The group of seven rafts was partway through The Wall rapids when the raft Tyson was riding alone in nearly flipped completely over. He slipped out of the Velcro thigh harness and into the water. He attempted to swim but the other rafters and spotters on the shore quickly lost sight of him in the violent water.
Vancil estimates he and others were able to reach Tyson within six minutes, but they could not resuscitate him.
“Those rapids are so long and so high that when you’re in the water, you’re not swimming,” Vancil said. “You spend most of the time being pushed under by the current.”
“If you’re swimming,” he added, “there’s a high likelihood that you’re not getting out alive.”
Tyson was the sixth person to die in that stretch of river since 1996. Two swimmers died when they got sucked into rapids; two other rafters died while maneuvering rapids; and one man died while trying to wade across the river and got swept into rapids.
Colella said people generally don’t understand how dangerous the canyon really is. At the peak of spring runoff, “there are maybe four or five people in the world that can do it. If you aren’t at that level, you have no business being there.”
He said that advances in equipment, such as Creature Craft rafts, give less experienced people the feeling like they can go anywhere.
“It’s very frustrating for people with the proper experience to see these kinds of things happen, to see people die,” Colella said, adding, “Equipment, no matter how good it is, will never come close to experience.”
He believes more public education about the river’s dangers — both in the canyon and farther down the river between Leavenworth and Cashmere — is needed.
“Because by the time the 911 call goes out, it’s often times a body recovery,” he said.
Even when rescue teams get there in time, they probably won’t be able to save people in Tumwater Canyon’s big rapids.
“We don’t have anybody qualified to go through the 5-plus rapids there,” said Sgt. Kent Sisson, head of emergency management for the Chelan County Sheriff’s Office and a member of the department’s whitewater rescue team.

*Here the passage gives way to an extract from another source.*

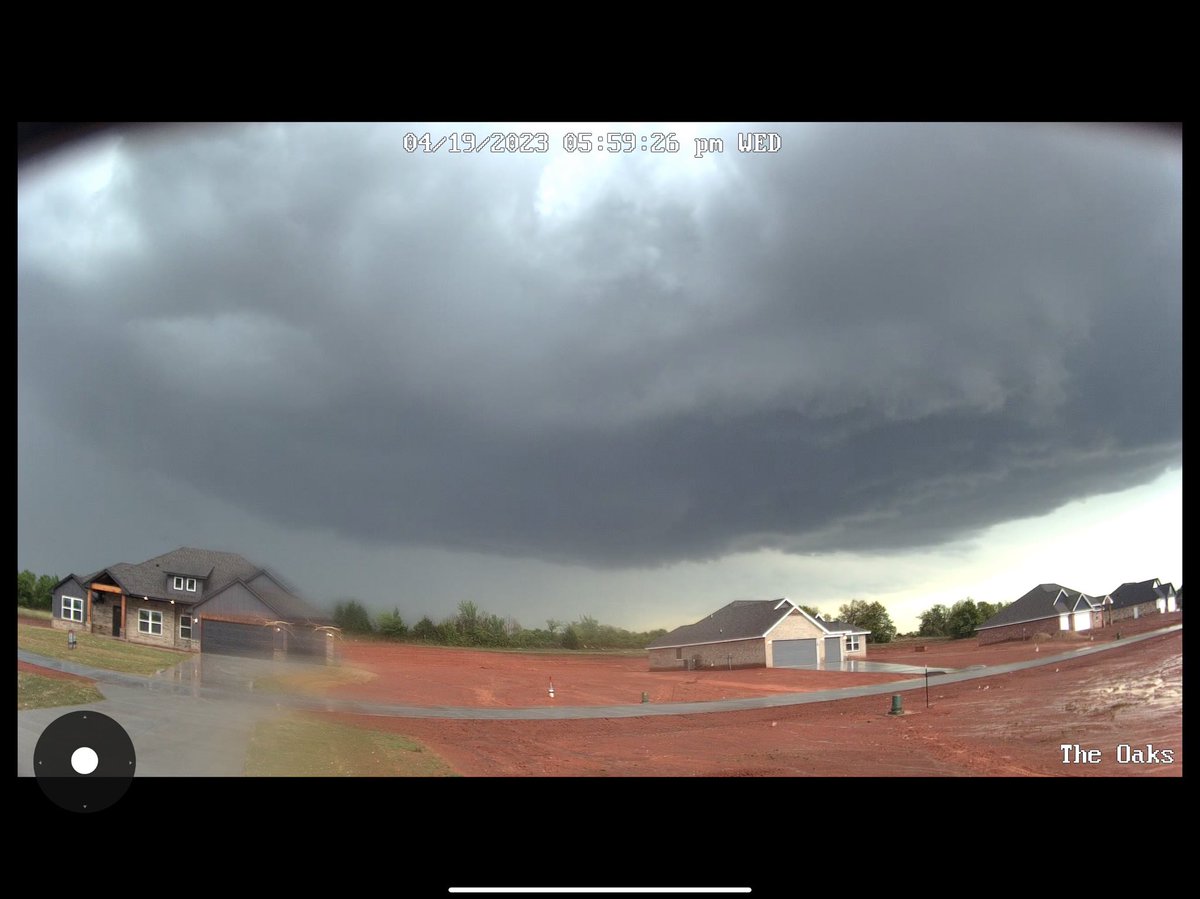 torres322's tweet photo. @tornadopayne Just west of the hook Blanchard off the Turnpike From: RT Quality Homes. Worst missed us. #staytunedtonews9 https://t.co/CVyRslaQlX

“We would only be able to rescue them once they got into calmer waters,” he said.
Chelan County Undersheriff John Wisemore said, “The canyon is too swift and so full of whitewater that you can’t see what you’re doing. … I don’t know of any team that would go into a place like that and successfully get someone out.”
Vancil said he knows the dangers of rafting Tumwater Canyon during its highest flows, and that’s what attracts him and other extreme kayakers and rafters.

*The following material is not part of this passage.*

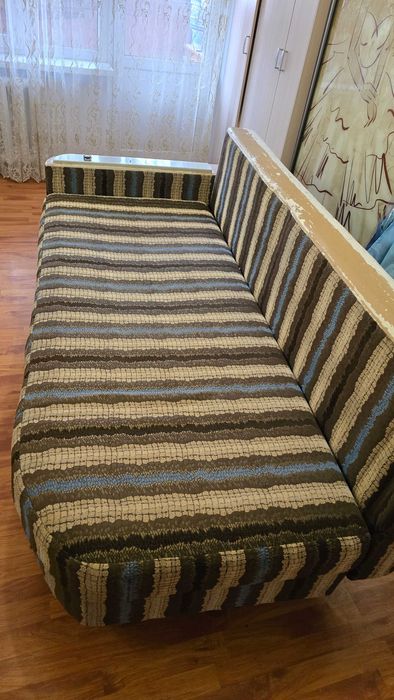 Диван раскладной. Бесплатно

“We know that we play hard,” he said. “But that’s true in all extreme sports. If it isn’t a little scary, it’s not so much fun. You’ve got to get that adrenalin running.”
But Sisson said people need to know their own limitations.
“There are people who do 5 and 6 rapids in kayaks and it’s not a big deal for them,” he said. “They are very experienced and at the top of their game. But there are only a handful of those people in the entire world.”
Colella said a lot of world-class kayakers try their hand at Tumwater Canyon and come up short. They get dumped in the water and may even need to be rescued.
“It’s big, big whitewater,” he said. “It’s pushy, and it’s got holes, rocks, trees, logs, strainers, metal. There’s nothing safe about it.”
He added, “There only three people that I know of (including himself) that paddle Tumwater during high water on a consistent basis in the last decade. And some years we don’t go in there at all during high water.”
But authorities can’t keep anyone away from them.
After two young women drowned in rapids in 2006, the Sheriff’s Office and U.S. Forest Service partnered to post warning signs. But the river is never “closed” to boaters.
The canyon’s popularity for kayaking and rafting has increased as equipment has improved, Wisemore said.
“With this Creature Craft issue — the adrenalin junkies — the canyon is one more untamed thing that man wants to conquer,” he said. “They are able to go down places that a regular kayak or raft normally can’t. … People are always looking for that next great adventure.”
“It’s the whole extreme generation,” Colella said. “We think that we’re invincible, and Mother Nature is very, very unforgiving.”